Zur Gebührenkasse!

Gering verdienen reicht nicht mehr: Wer sich von den Rundfunkgebühren befreien lassen will, muss künftig mindestens Anrecht auf Hartz IV haben

VON ULRIKE KOPETZKY

Nach dem In-Kraft-Treten von Hartz IV ist die Not nicht nur bei den Beziehern des neuen Arbeitslosengeld II groß. Auch die öffentlich-rechtlichen Sender sind nun auf der fieberhaften Suche nach neuen Einnahmequellen. 300 Millionen Euro pro Jahr sollen ihnen laut Stern durch die Reform verloren gehen – denn wer einen ALG-II-Bescheid hat, gilt offiziell als bedürftig und kann sich deshalb von der Rundfunkgebühr befreien lassen. Wie können ARD und ZDF also ihre Einnahmen sichern, wenn der Staat immer mehr Leute aus der Gebührenpflicht entlässt?

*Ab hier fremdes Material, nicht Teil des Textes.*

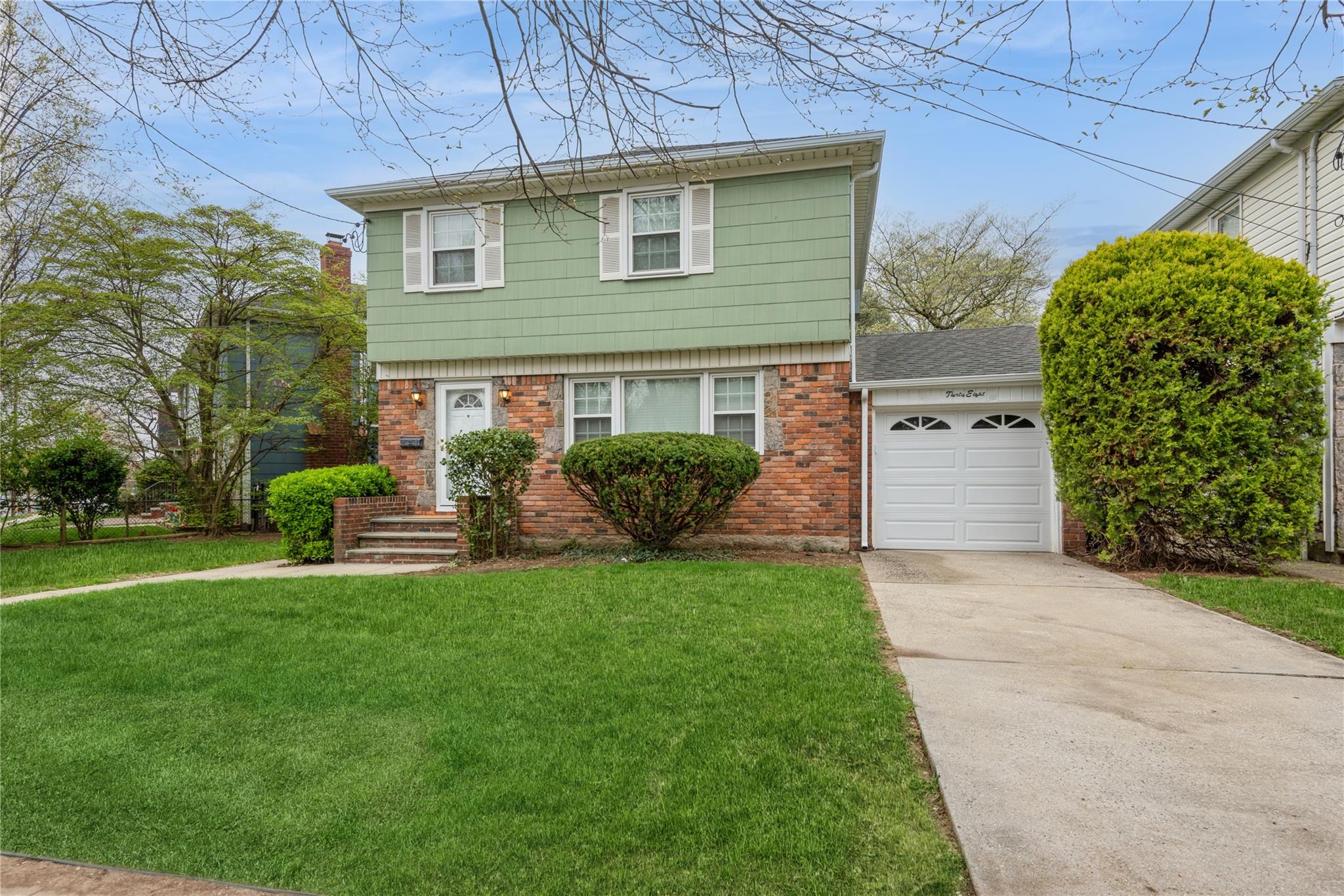 38 Floral Parkway Property Photo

Hilfe kommt immerhin von den Landtagen. Die haben im neuen Rundfunkänderungsstaatsvertrag verbindlich festgelegt, wer in Zukunft noch als bedürftig gilt und wer nicht. Was im Trubel um die geringer ausgefallene Gebührenerhöhung kaum aufgefallen ist: Die neuen Befreiungsregeln sind wesentlich restriktiver als die alten. Doch damit nicht genug. Fast genauso unbemerkt sind Sozialämter und Bürgerbüros, die bisher Anlaufstellen für Befreiungsanträge waren oder sogar über sie entschieden, entmachtet worden. Das Szepter geht an die Rundfunkanstalten, und die delegieren das Befreiungsgeschäft weiter an die GEZ. Wer zur Gebührenkasse gebeten wird, entscheidet also in Zukunft Institutionen, die selbst von diesen Geldern abhängig sind. Eine mehr als zweifelhafte Regelung.

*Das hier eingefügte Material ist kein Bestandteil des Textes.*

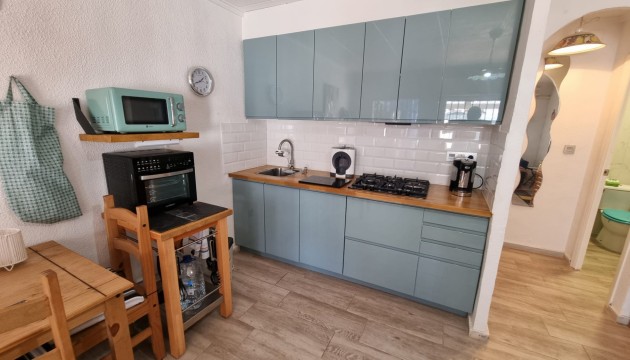 Resale - Apartment - Torrevieja - La Siesta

Noch bis zum 31. März gelten die Befreiungsverordnungen der Länder, dann tritt der Staatsvertrag zur Neuregelung der Rundfunkgebühren in Kraft. Bisher wurde befreit aus gesundheitlichen Gründen – so bei behinderten Personen – oder aus sozialen Gründen – wie bei Bezug von Sozialhilfe. Auch Menschen mit niedrigem Einkommen hatten eine Chance. Allerdings: Im Laufe der Jahre erhielten in fast allen Bundesländern die Rundfunkanstalten die Entscheidungsmacht über mögliche Befreiungen. Nur Nordrhein-Westfalen blieb als letzte Bastion übrig, in der noch die Ämter dieses Recht hatten – hier ist die Befreiungsquote übrigens vergleichsweise hoch gewesen. Doch mit dem neuen Staatsvertrag fällt auch diese Festung. Nun erwartet man eine Flut von Widersprüchen und Eingaben bei den Petitionsausschüssen, denn – wie aus dem Landtag von NRW zu hören ist – die Masse der Anträge wurde wegen geringer Einkommen gestellt. Der neue Vertrag legt nun zehn Befreiungstatbestände fest, und zwar nur noch für Personen mit Bescheiden wie ALG II oder Behindertenausweis. Eine Härtefallregelung für Menschen mit geringem Einkommen ist nicht vorgesehen. Nicole Hurst von der Pressestelle der GEZ kommentiert: „Damit sollte die aufwändige Einkommens- und Bedarfsprüfung bei den Ämtern ein Ende haben.“

Dass das nicht ganz uneigennützig ist, erfährt man dann aus der Staatskanzlei Rheinland-Pfalz, die den Vorsitz in der Rundfunkkommission hat: In Zukunft fällt jegliche Bedürftigkeitsprüfung bei den Sendern weg. Und über die Anwendung und Auslegung der neuen Tatbestände können die Sender eigenständig entscheiden. Was das bedeutet, lässt sich am Beispiel 1-Euro-Jobber zeigen. Sowohl aus der Rundfunkgebührenstelle im Rundfunk Berlin-Brandenburg als auch vom Hessischen Rundfunk ist zu hören, dass diese Sender die Geringstverdiener zur Kasse bitten wollen – obwohl sie über einen ALG-II-Bescheid verfügen und somit einen Befreiungstatbestand erfüllen. Fragt man bei den zuständigen Bundesministerien nach, zweifeln diese die Vertragsauslegung seitens der Sender vorsichtig an. Doch Handlungsbedarf sieht man anscheinend nicht. Wieder können die Sender in eigener Sache entscheiden.